According to figures released by tourist promotion agency VisitBritain, the number of overseas tourists is expected to increase 6% year-on-year in 2017 to 39.7 million, while spending is forecast to increase 14% to £25.7bn.

In the first six months of the year, the number of overseas visitors rose 8% from the corresponding period last year to a record 23.1 million, while in July alone it topped four million for the first time.

Britain has become a more appealing destination for overseas tourists since the Brexit vote has driven the pound sharply lower than it was up until June 2016.

Sterling has lost around 14% of its value in the 16 months since the EU referendum, meaning overseas visitors get better value for money on British shores than they did in the past.

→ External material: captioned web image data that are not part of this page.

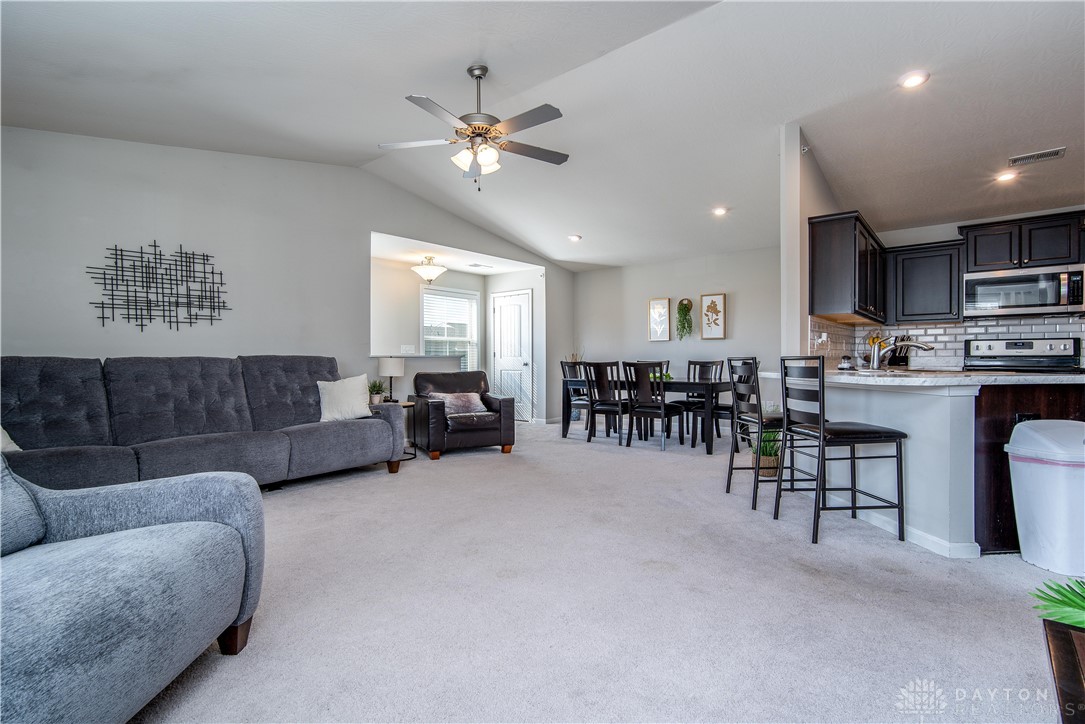 21 Old Pond Road Springboro, OH 45066 - Photo 12 of 25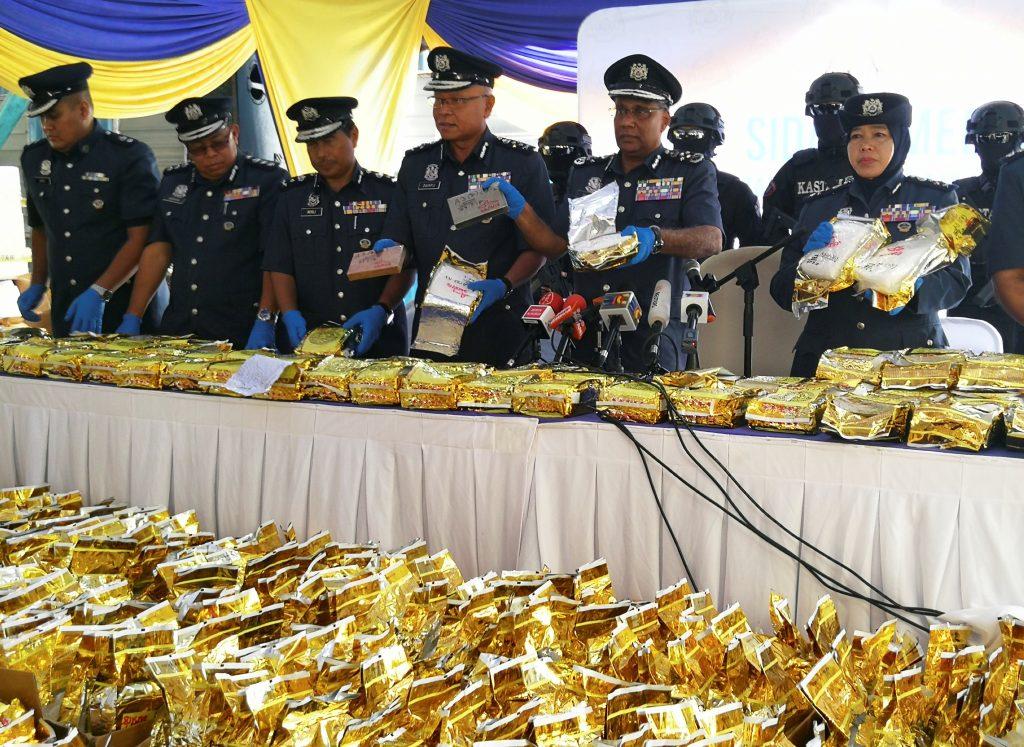 Μαλαισία:  Κατασχέθηκαν 1.200 κιλά της «κόκας των φτωχών» – Ήταν κρυμμένα σε φορτίο τσαγιού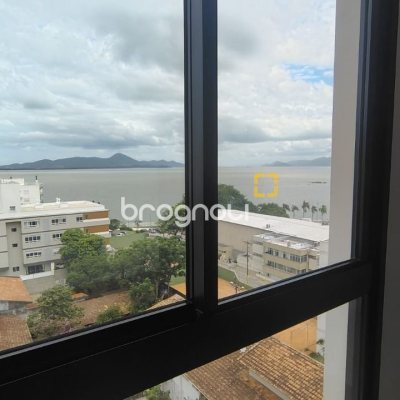Apartamento com 99m², 3 quartos (sendo 1 suíte), 2 garagens, no bairro Coqueiros em Florianópolis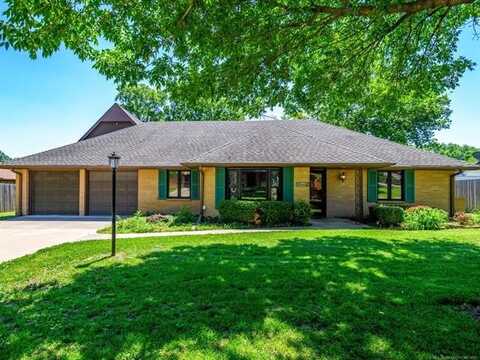 1044 Meadow Drive, Bartlesville, OK 74006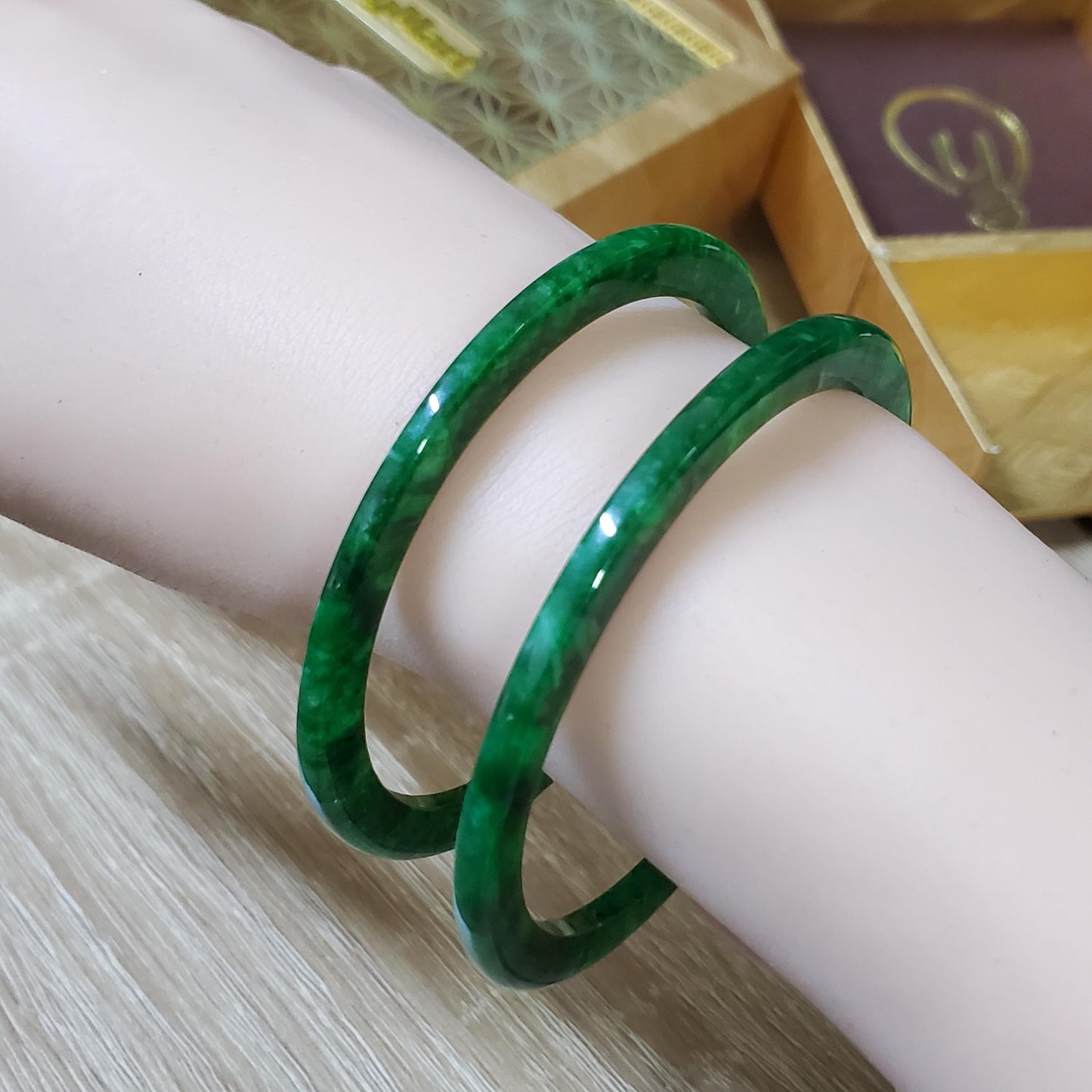 High Quality 48–72mm Jadeite Jade Green Bangle Gift for Her Mom Grandma Feng Shui Personalized Bracelets Jewelry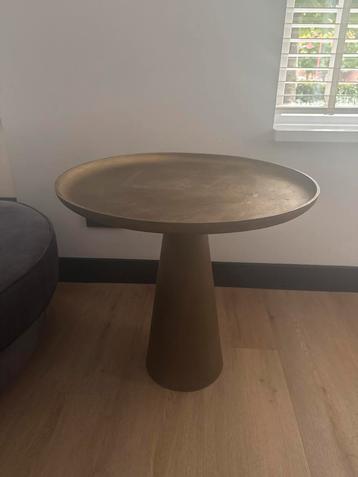 Mooie Bijzettafel beschikbaar voor biedingen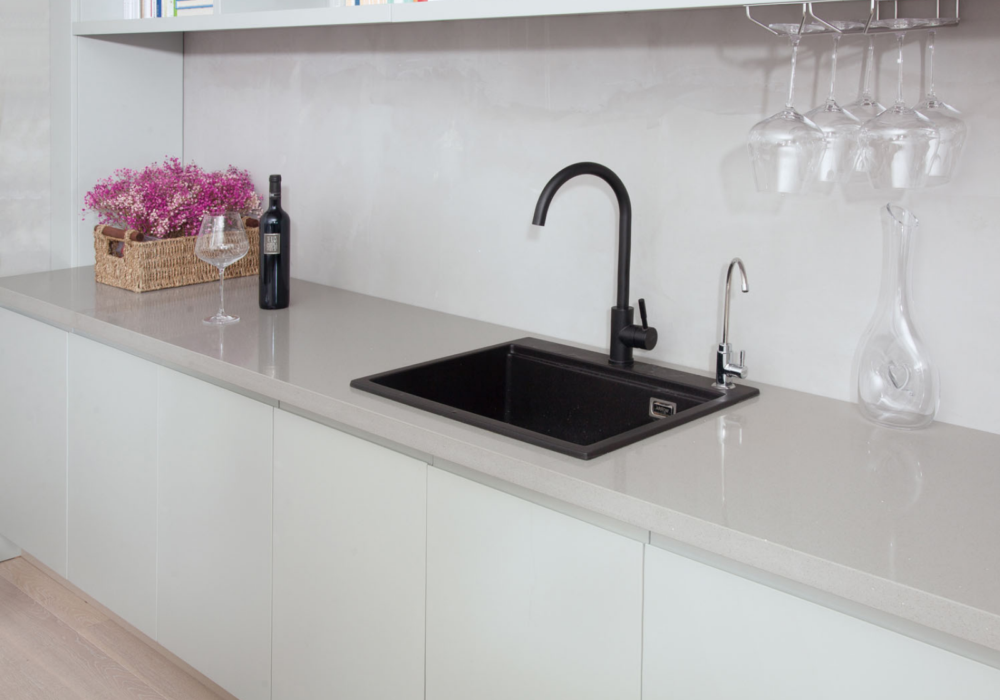 Grigio Shimmer Quartz Worktop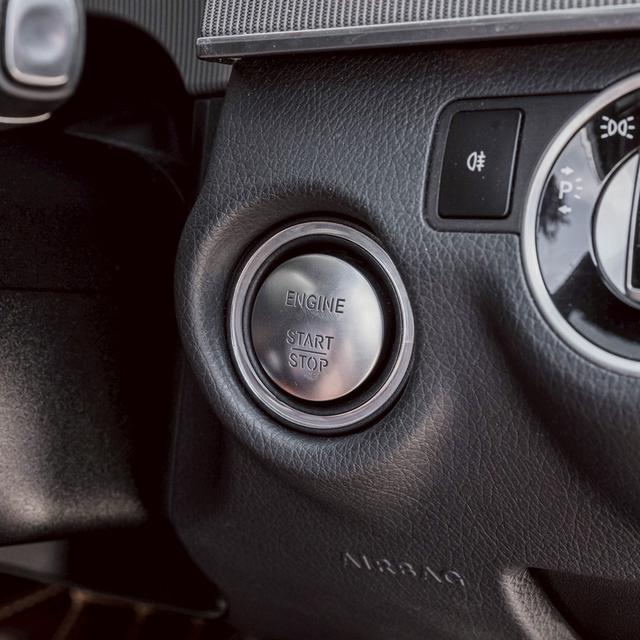 รหัสรถ 67GG3759 Benz E300 AMG ดีเซลไฮบริด 2014 ราคาสุดคุ้ม‼️‼️‼️ รูปที่ 9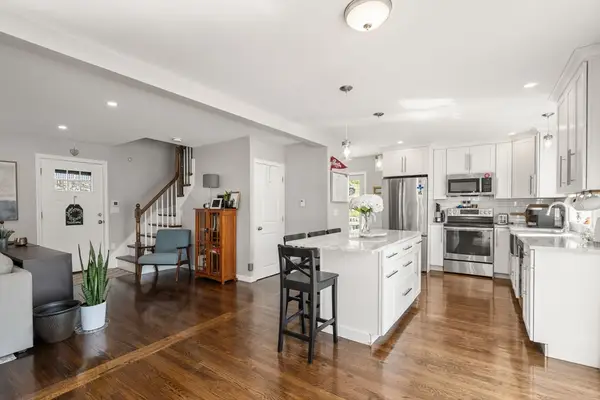 38 Overlook Rd, Waltham, MA 02451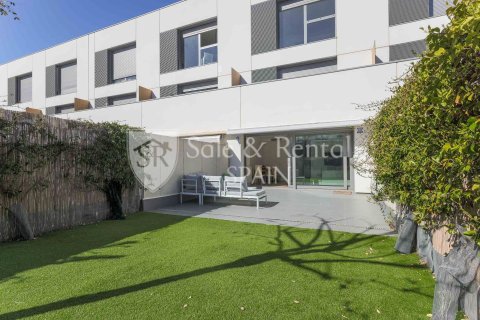 Сasa de 4 dormitorios en venta en Sitges, Barcelona, Cataluña, Spain № 6783 - foto 12
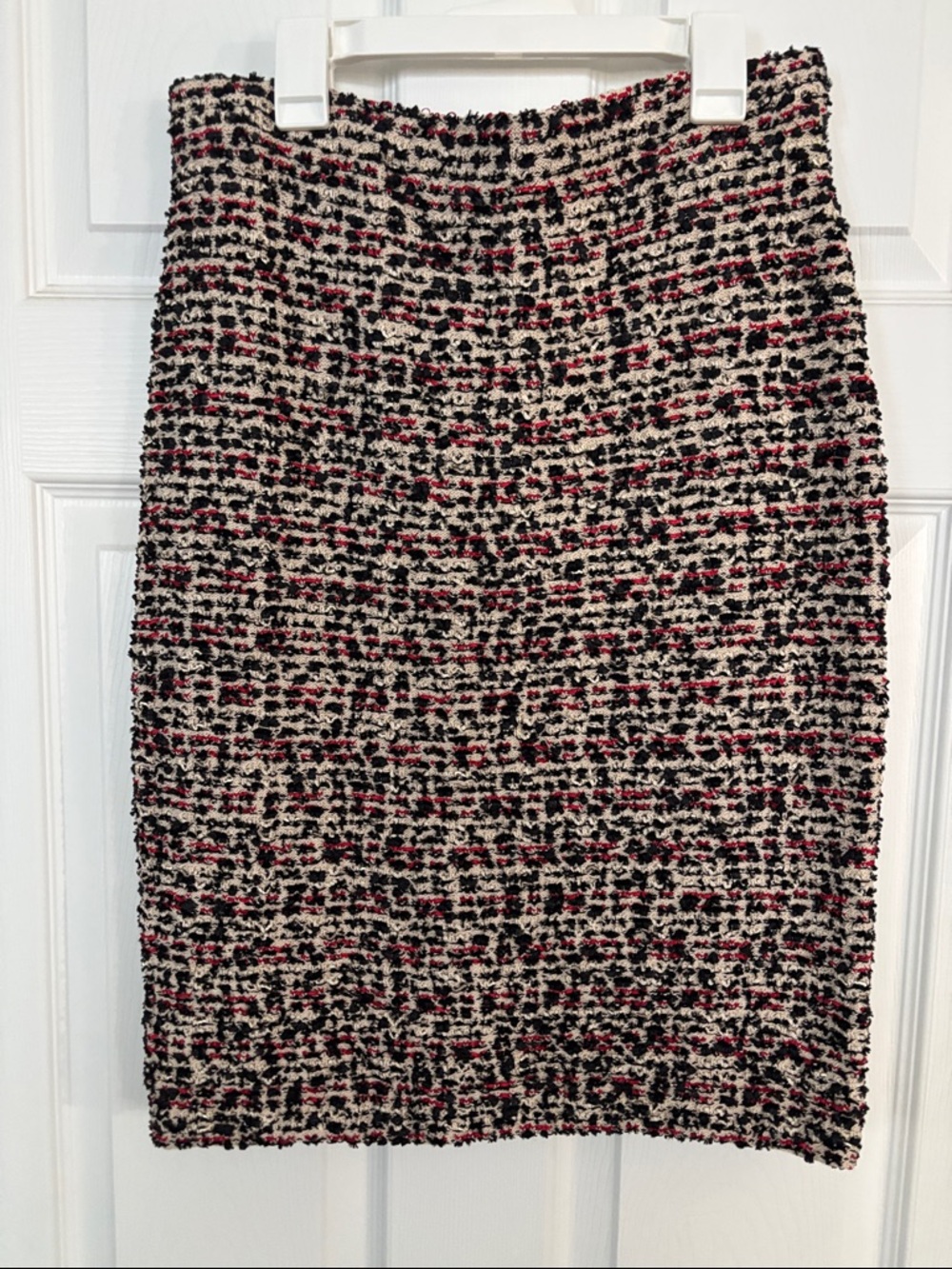 Size 8 St John’s Collection knit pencil skirt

However, British Tourist Authority chairman Steve Ridgway, warned the pound's depreciation would not be enough to keep tourists flocking to Britain in the future, as the tourism sector remained highly competitive.

"Tourism is a fiercely competitive global industry and you cannot just build a strong, resilient industry on a weaker currency," he explained.

"We must continue to invest in developing world-class tourism products, getting Britain on the wish-list of international and domestic travellers and we must make it easy for visitors to make that trip."

Meanwhile, Tourism Minister John Glen said the record number of visitors was "testament to our world-class attractions and the innovation of our tourism industry".

"Tourism contributes billions to the UK economy and supports millions of jobs," he added.

It is not just overseas tourists who have discovered a new love for Britain, however, as the number of Britons opting to spend their holidays at home has also increased. So-called "staycations" have steadily risen over the last 12 months, with the number of domestic overnight holidays in England climbing 7% year-on-year to a record 20.4 million in the first half of 2017.

That drove spending up by 17% from the corresponding period last year, to a record £4.6bn. The figures confirm a shift in pattern highlighted earlier this week by a report from trade body UK Finance, which revealed overseas spending on UK debit cards declined 13% year-on-year in August.

Similarly, data released by Visa and IHS Markit on Monday (9 October) showed hotels and restaurants saw an increase in spending of 3.5% in September alone.